-- RECORDS FOR THIS TASK follows --

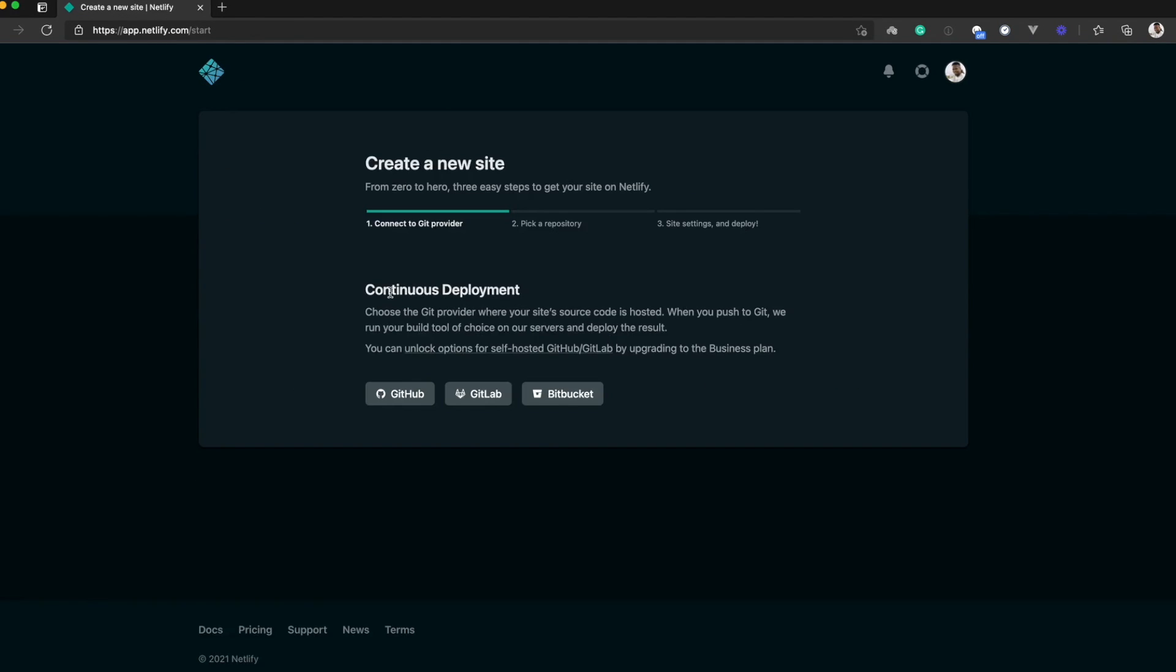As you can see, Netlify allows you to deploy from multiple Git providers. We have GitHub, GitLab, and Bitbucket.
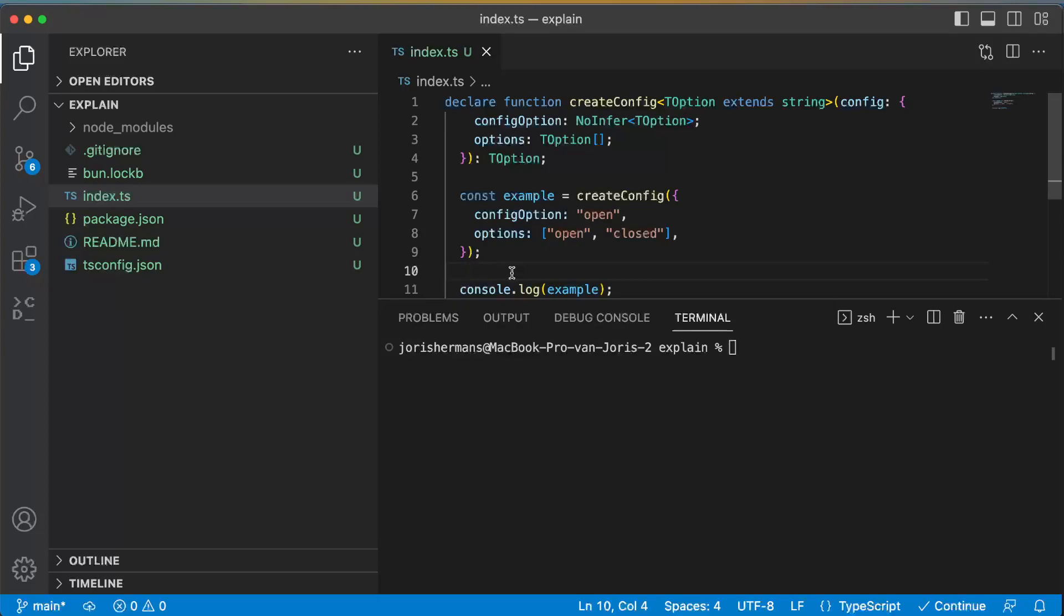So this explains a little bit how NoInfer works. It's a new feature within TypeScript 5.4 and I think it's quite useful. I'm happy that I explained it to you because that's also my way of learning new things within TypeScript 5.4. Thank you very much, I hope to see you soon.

-- RECORDS FOR THIS TASK concluded --
-- RECORDS FOR THIS TASK follows --

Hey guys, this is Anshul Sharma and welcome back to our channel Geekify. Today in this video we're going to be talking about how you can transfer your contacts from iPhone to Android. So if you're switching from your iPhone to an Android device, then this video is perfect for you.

-- RECORDS FOR THIS TASK concluded --

**TASK:** Would you set down only the lines above from the line with "As you can see, Netlify" to the line with "So this explains", both included, exactly as they stand and without the pictures?

**EXERCISE ANSWER:**
As you can see, Netlify allows you to deploy from multiple Git providers. We have GitHub, GitLab, and Bitbucket.
So this explains a little bit how NoInfer works. It's a new feature within TypeScript 5.4 and I think it's quite useful. I'm happy that I explained it to you because that's also my way of learning new things within TypeScript 5.4. Thank you very much, I hope to see you soon.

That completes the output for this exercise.